--- PROBLEM STATEMENT ---
Leaving out the images, transcribe every record below exactly.

--- Records drawn from a dataset ---
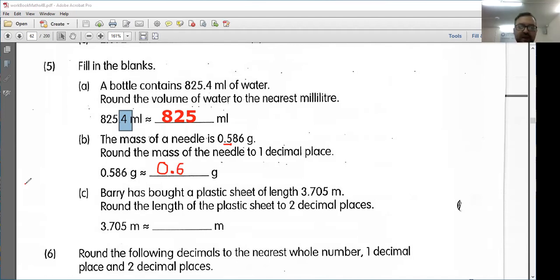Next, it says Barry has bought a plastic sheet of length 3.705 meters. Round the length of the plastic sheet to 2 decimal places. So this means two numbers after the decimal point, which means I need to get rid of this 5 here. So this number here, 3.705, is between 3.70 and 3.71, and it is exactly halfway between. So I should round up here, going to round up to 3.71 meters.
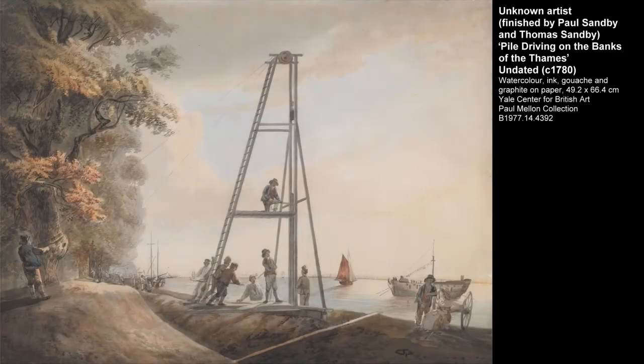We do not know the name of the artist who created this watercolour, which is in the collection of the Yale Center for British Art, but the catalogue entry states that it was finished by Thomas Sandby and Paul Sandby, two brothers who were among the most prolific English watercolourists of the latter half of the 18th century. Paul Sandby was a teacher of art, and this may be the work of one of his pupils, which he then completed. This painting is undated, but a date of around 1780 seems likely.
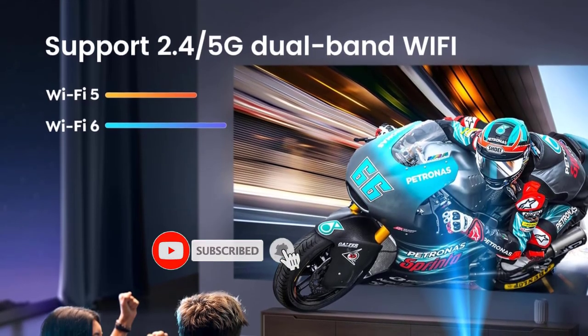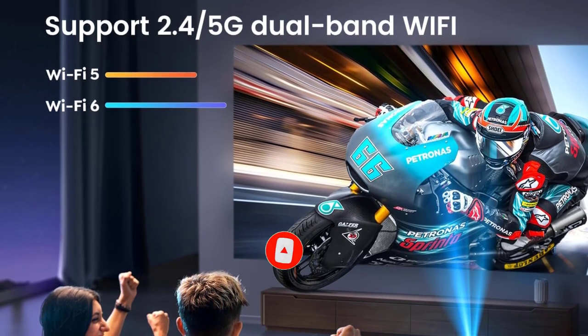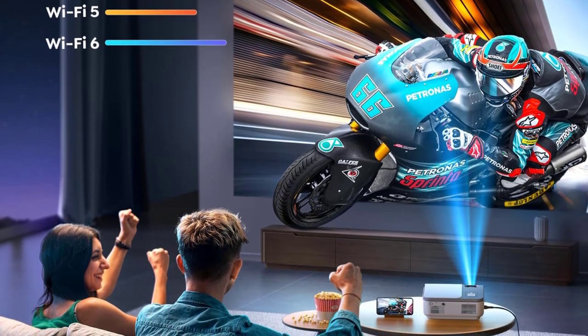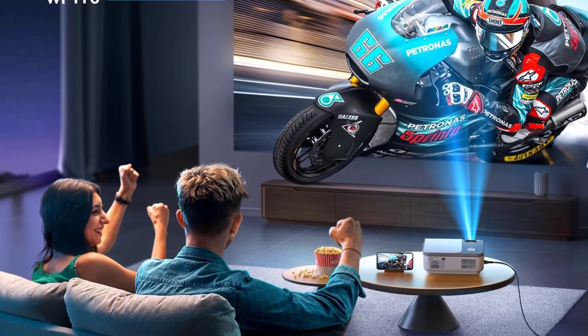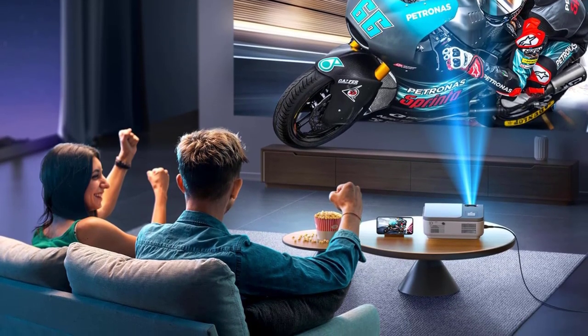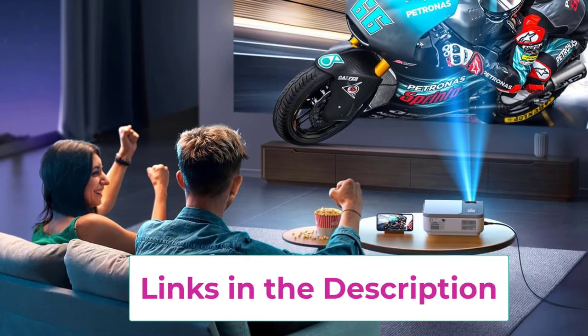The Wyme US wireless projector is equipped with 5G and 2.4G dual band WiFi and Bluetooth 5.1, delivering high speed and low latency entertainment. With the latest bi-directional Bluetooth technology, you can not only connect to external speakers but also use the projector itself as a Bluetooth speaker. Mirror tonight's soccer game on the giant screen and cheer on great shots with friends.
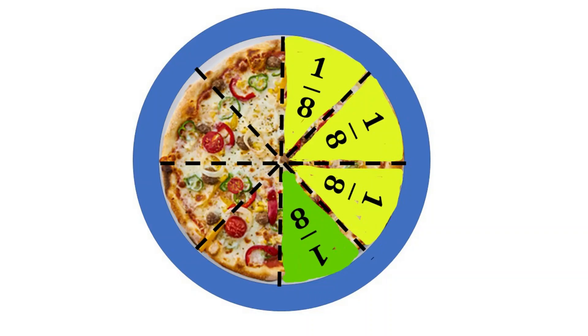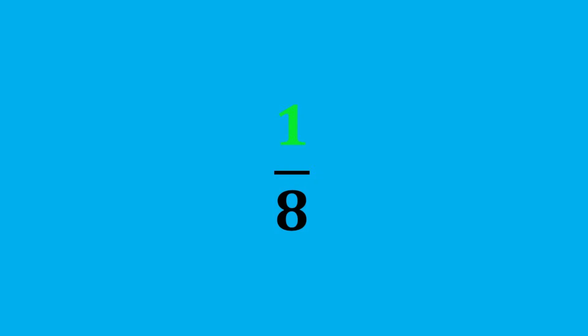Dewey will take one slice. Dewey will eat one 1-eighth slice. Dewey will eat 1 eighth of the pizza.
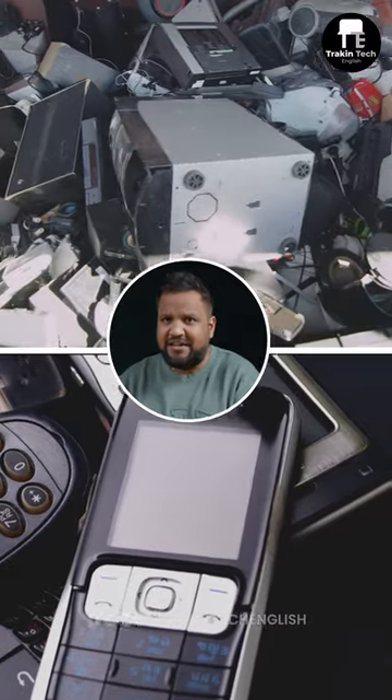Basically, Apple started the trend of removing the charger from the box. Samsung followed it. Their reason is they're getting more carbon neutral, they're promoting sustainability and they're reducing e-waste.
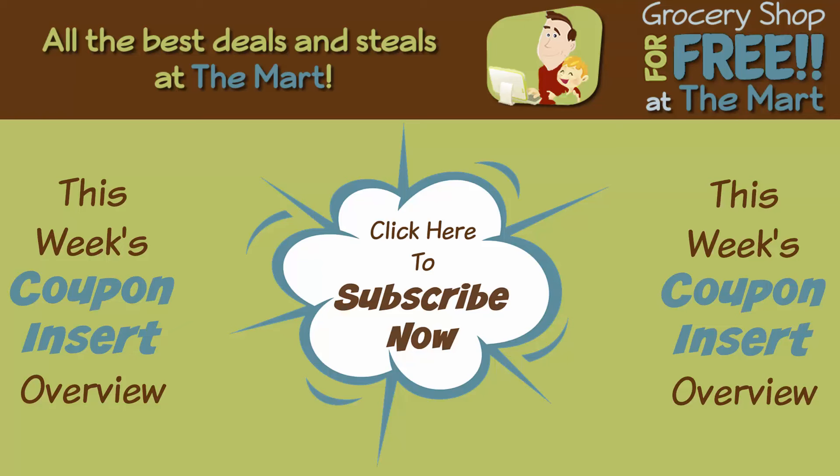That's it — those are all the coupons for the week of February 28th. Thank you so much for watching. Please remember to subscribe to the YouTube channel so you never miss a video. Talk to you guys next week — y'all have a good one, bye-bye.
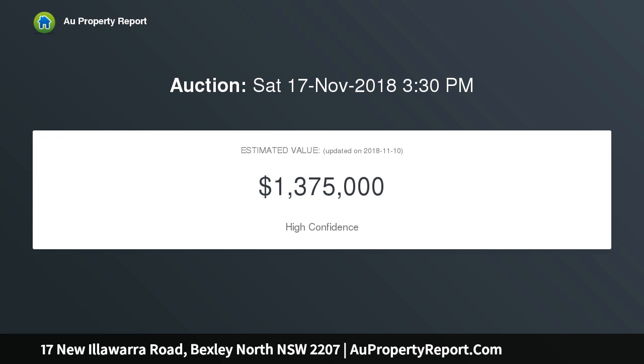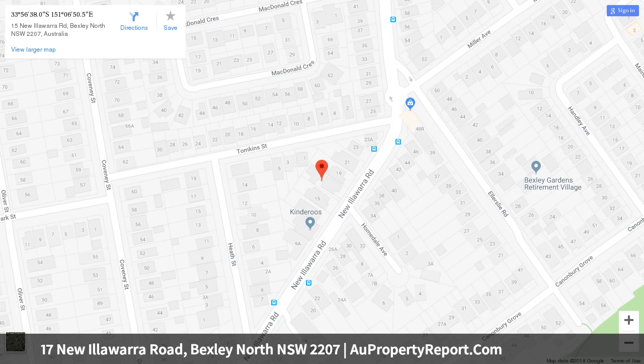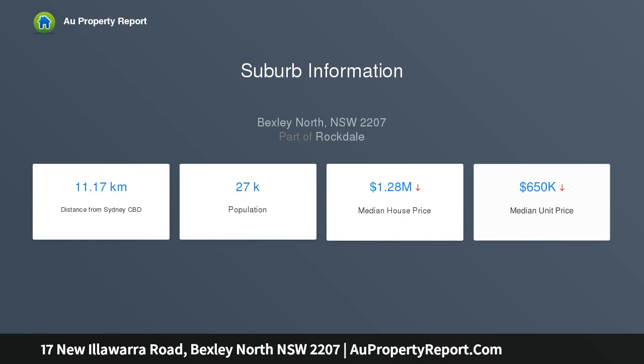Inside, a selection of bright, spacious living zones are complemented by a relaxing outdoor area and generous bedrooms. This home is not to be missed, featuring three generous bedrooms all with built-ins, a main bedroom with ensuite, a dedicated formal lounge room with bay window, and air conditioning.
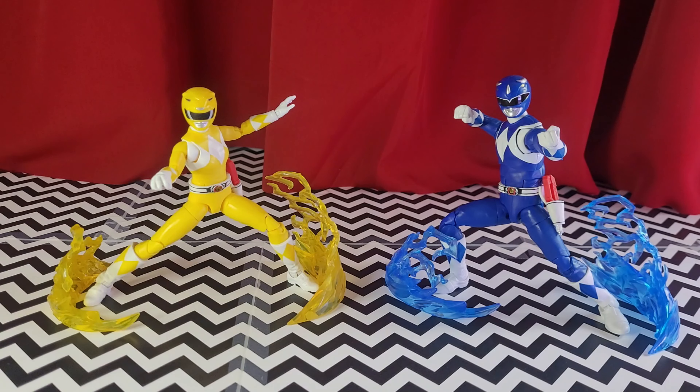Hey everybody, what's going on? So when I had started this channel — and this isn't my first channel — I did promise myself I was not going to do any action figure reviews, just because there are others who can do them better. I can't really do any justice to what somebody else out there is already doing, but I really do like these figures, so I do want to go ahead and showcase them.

--- YOUR SOLUTION ---
Next, it says Barry has bought a plastic sheet of length 3.705 meters. Round the length of the plastic sheet to 2 decimal places. So this means two numbers after the decimal point, which means I need to get rid of this 5 here. So this number here, 3.705, is between 3.70 and 3.71, and it is exactly halfway between. So I should round up here, going to round up to 3.71 meters.
We do not know the name of the artist who created this watercolour, which is in the collection of the Yale Center for British Art, but the catalogue entry states that it was finished by Thomas Sandby and Paul Sandby, two brothers who were among the most prolific English watercolourists of the latter half of the 18th century. Paul Sandby was a teacher of art, and this may be the work of one of his pupils, which he then completed. This painting is undated, but a date of around 1780 seems likely.
The Wyme US wireless projector is equipped with 5G and 2.4G dual band WiFi and Bluetooth 5.1, delivering high speed and low latency entertainment. With the latest bi-directional Bluetooth technology, you can not only connect to external speakers but also use the projector itself as a Bluetooth speaker. Mirror tonight's soccer game on the giant screen and cheer on great shots with friends.
Dewey will take one slice. Dewey will eat one 1-eighth slice. Dewey will eat 1 eighth of the pizza.
Basically, Apple started the trend of removing the charger from the box. Samsung followed it. Their reason is they're getting more carbon neutral, they're promoting sustainability and they're reducing e-waste.
That's it — those are all the coupons for the week of February 28th. Thank you so much for watching. Please remember to subscribe to the YouTube channel so you never miss a video. Talk to you guys next week — y'all have a good one, bye-bye.
Inside, a selection of bright, spacious living zones are complemented by a relaxing outdoor area and generous bedrooms. This home is not to be missed, featuring three generous bedrooms all with built-ins, a main bedroom with ensuite, a dedicated formal lounge room with bay window, and air conditioning.
Hey everybody, what's going on? So when I had started this channel — and this isn't my first channel — I did promise myself I was not going to do any action figure reviews, just because there are others who can do them better. I can't really do any justice to what somebody else out there is already doing, but I really do like these figures, so I do want to go ahead and showcase them.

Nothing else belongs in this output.